Beginning with the line that contains "In the System", retype the entries below exactly, ending with the line that contains "5. Now that". Leave out any pictures.

*** Material for this exercise ***

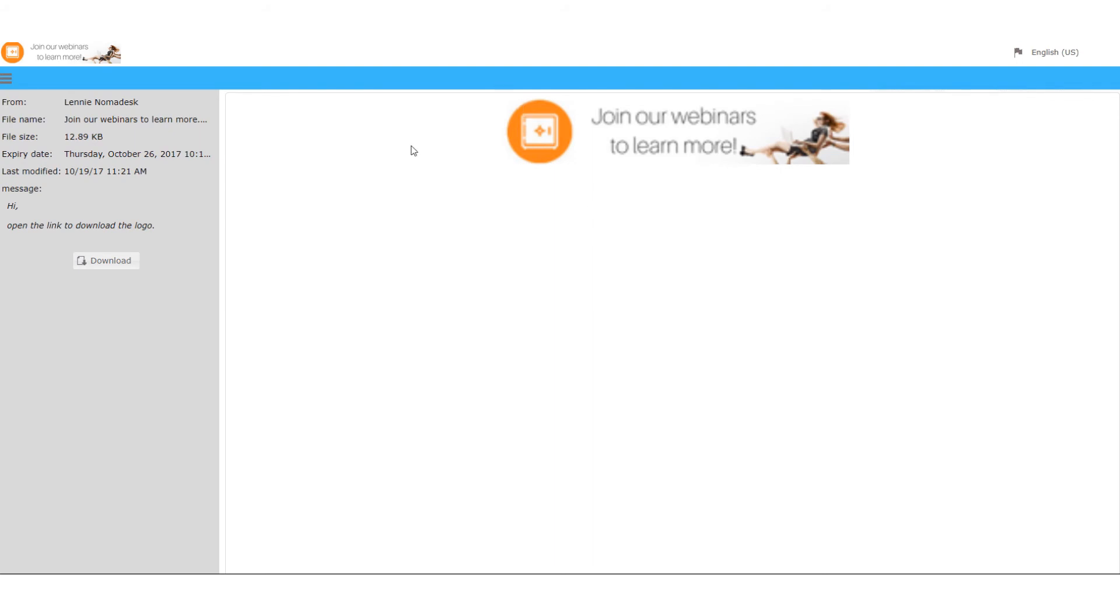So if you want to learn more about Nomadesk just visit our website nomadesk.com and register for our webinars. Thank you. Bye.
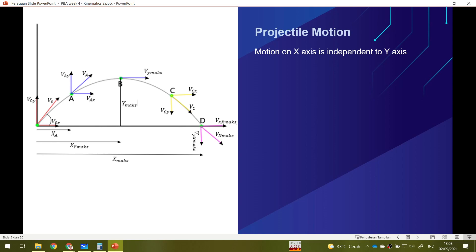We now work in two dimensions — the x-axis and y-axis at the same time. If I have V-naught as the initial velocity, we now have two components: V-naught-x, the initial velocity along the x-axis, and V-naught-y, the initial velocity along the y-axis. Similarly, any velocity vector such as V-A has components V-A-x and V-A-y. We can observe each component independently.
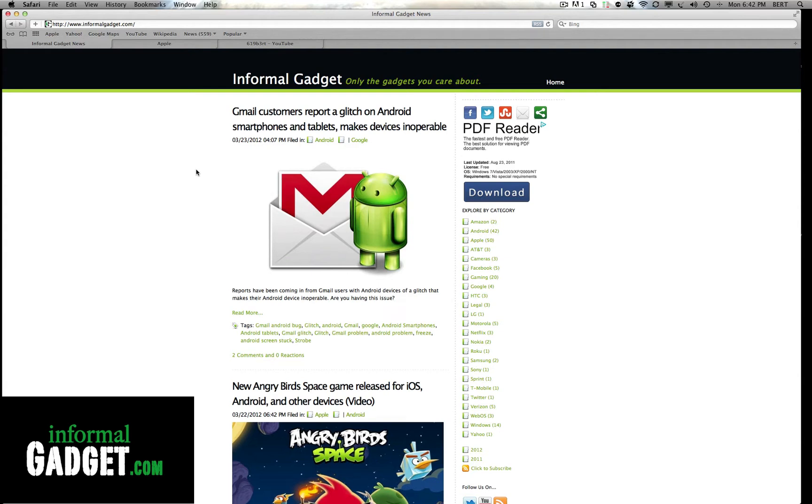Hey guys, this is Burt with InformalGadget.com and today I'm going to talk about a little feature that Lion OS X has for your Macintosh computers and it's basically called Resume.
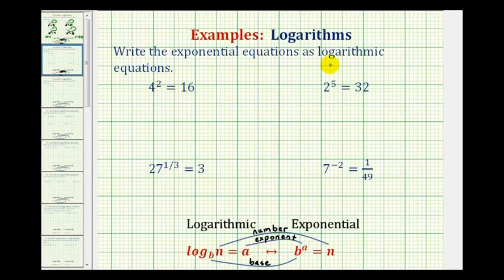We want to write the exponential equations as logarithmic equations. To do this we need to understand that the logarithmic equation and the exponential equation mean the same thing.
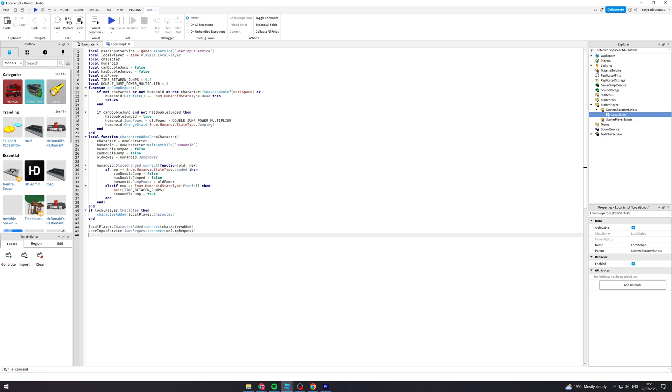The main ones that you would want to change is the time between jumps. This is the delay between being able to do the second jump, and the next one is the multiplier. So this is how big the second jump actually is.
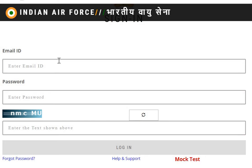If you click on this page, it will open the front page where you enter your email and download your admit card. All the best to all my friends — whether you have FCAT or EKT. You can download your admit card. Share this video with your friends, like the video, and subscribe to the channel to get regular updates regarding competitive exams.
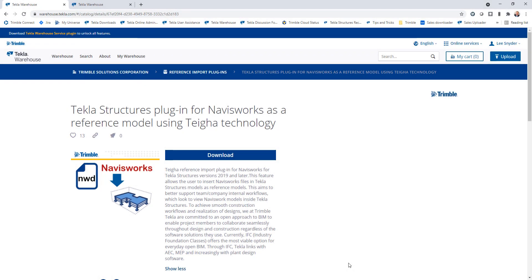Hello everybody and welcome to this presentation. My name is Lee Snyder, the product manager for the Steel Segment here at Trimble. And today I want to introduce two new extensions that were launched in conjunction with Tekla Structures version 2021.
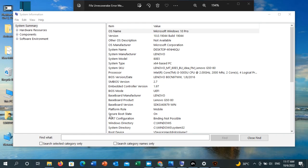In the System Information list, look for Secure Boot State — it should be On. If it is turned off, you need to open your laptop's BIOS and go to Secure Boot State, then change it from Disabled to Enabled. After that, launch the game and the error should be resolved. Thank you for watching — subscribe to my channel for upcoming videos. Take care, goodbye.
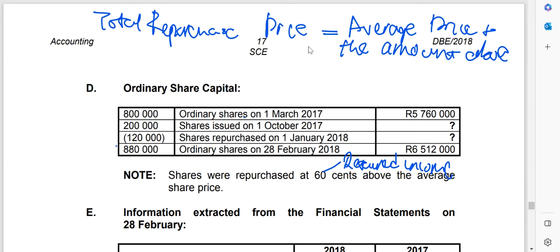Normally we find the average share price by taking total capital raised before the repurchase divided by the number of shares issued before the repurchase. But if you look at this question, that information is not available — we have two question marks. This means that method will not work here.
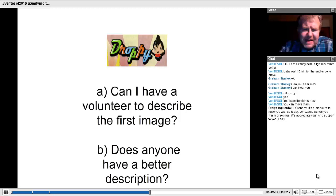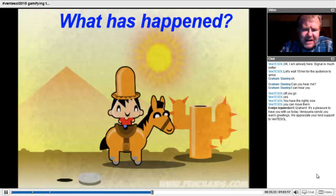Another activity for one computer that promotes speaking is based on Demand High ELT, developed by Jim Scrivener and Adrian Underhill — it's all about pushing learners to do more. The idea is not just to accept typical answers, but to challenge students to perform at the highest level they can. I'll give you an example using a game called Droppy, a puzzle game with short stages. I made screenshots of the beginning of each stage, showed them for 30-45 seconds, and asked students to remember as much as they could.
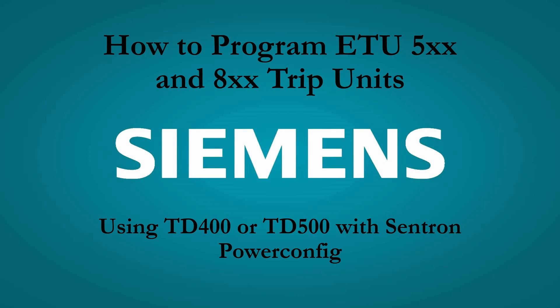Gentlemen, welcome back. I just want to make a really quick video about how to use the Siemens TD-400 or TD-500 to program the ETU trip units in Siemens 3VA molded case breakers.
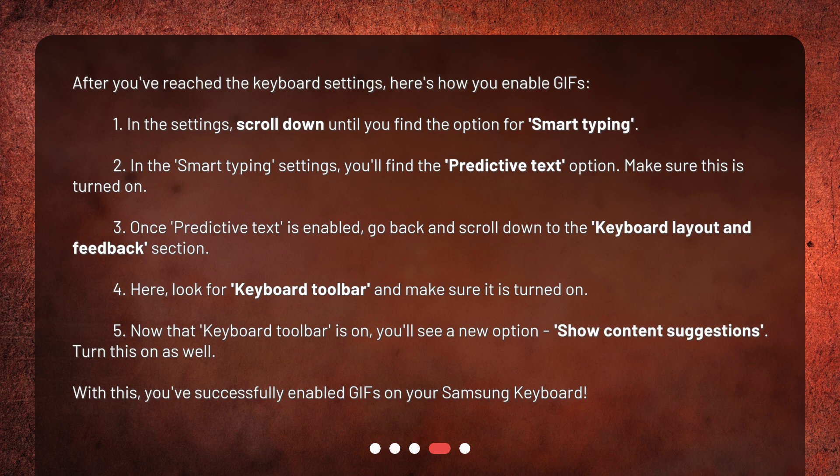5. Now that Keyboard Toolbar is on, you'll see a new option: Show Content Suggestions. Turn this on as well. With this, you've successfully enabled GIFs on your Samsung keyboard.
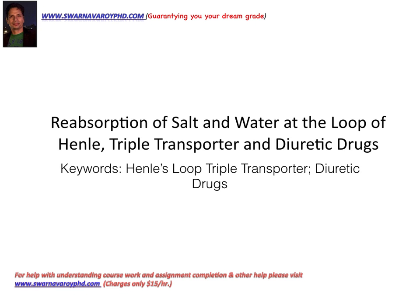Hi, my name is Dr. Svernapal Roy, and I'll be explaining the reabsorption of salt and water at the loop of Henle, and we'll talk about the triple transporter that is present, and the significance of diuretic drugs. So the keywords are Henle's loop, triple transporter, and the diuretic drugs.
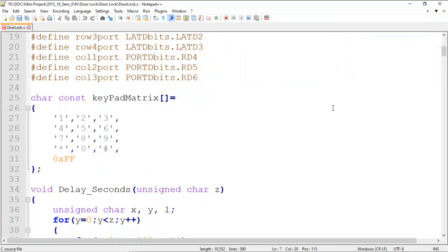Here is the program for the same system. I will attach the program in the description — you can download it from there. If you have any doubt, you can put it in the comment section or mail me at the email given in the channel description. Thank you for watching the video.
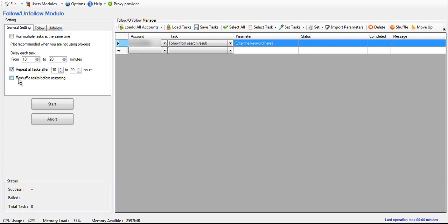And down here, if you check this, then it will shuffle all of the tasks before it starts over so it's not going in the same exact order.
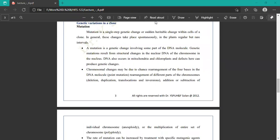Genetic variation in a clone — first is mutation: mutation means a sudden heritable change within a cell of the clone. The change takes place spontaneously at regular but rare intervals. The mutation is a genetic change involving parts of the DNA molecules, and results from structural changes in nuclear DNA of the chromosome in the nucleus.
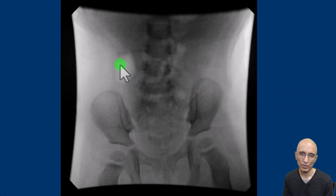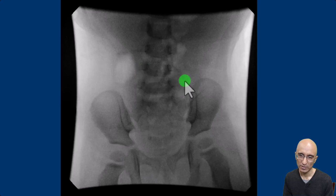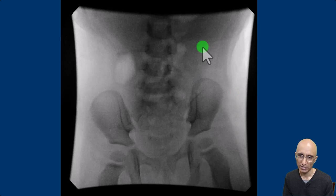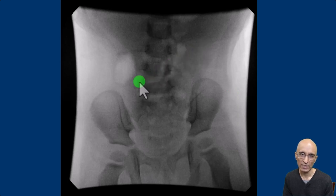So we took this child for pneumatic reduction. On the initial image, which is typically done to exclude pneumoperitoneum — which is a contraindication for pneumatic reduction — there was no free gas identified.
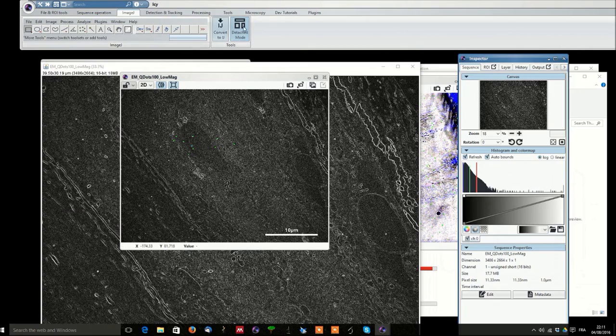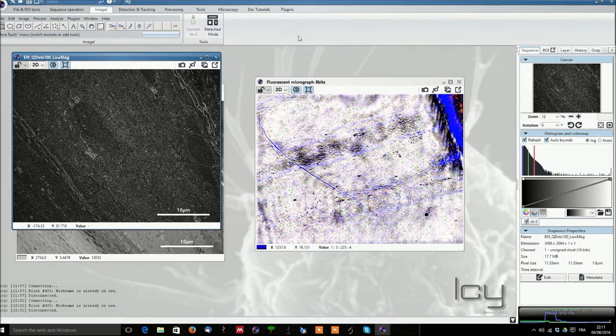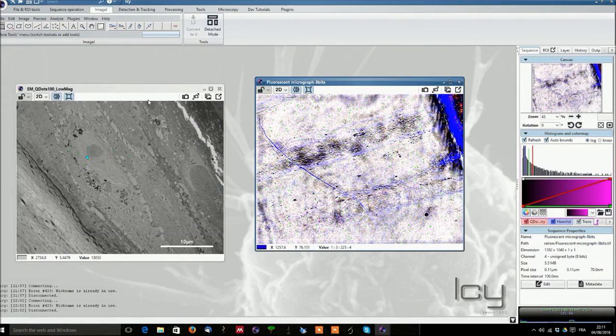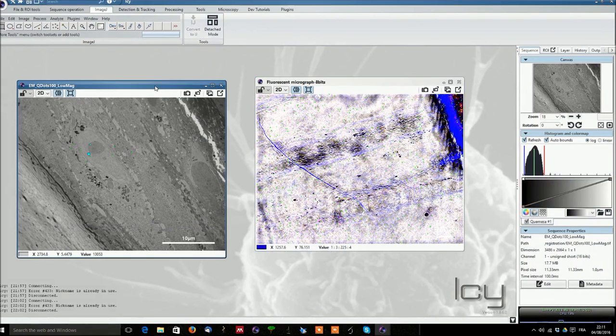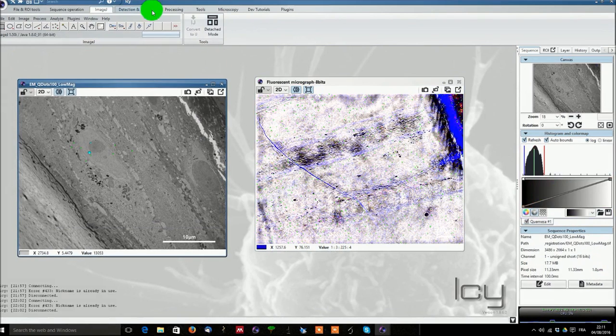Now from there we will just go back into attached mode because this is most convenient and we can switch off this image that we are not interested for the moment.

***

#### [Finished task]
In the System Information list, look for Secure Boot State — it should be On. If it is turned off, you need to open your laptop's BIOS and go to Secure Boot State, then change it from Disabled to Enabled. After that, launch the game and the error should be resolved. Thank you for watching — subscribe to my channel for upcoming videos. Take care, goodbye.
Normally we find the average share price by taking total capital raised before the repurchase divided by the number of shares issued before the repurchase. But if you look at this question, that information is not available — we have two question marks. This means that method will not work here.
Another activity for one computer that promotes speaking is based on Demand High ELT, developed by Jim Scrivener and Adrian Underhill — it's all about pushing learners to do more. The idea is not just to accept typical answers, but to challenge students to perform at the highest level they can. I'll give you an example using a game called Droppy, a puzzle game with short stages. I made screenshots of the beginning of each stage, showed them for 30-45 seconds, and asked students to remember as much as they could.
Gentlemen, welcome back. I just want to make a really quick video about how to use the Siemens TD-400 or TD-500 to program the ETU trip units in Siemens 3VA molded case breakers.
5. Now that Keyboard Toolbar is on, you'll see a new option: Show Content Suggestions. Turn this on as well. With this, you've successfully enabled GIFs on your Samsung keyboard.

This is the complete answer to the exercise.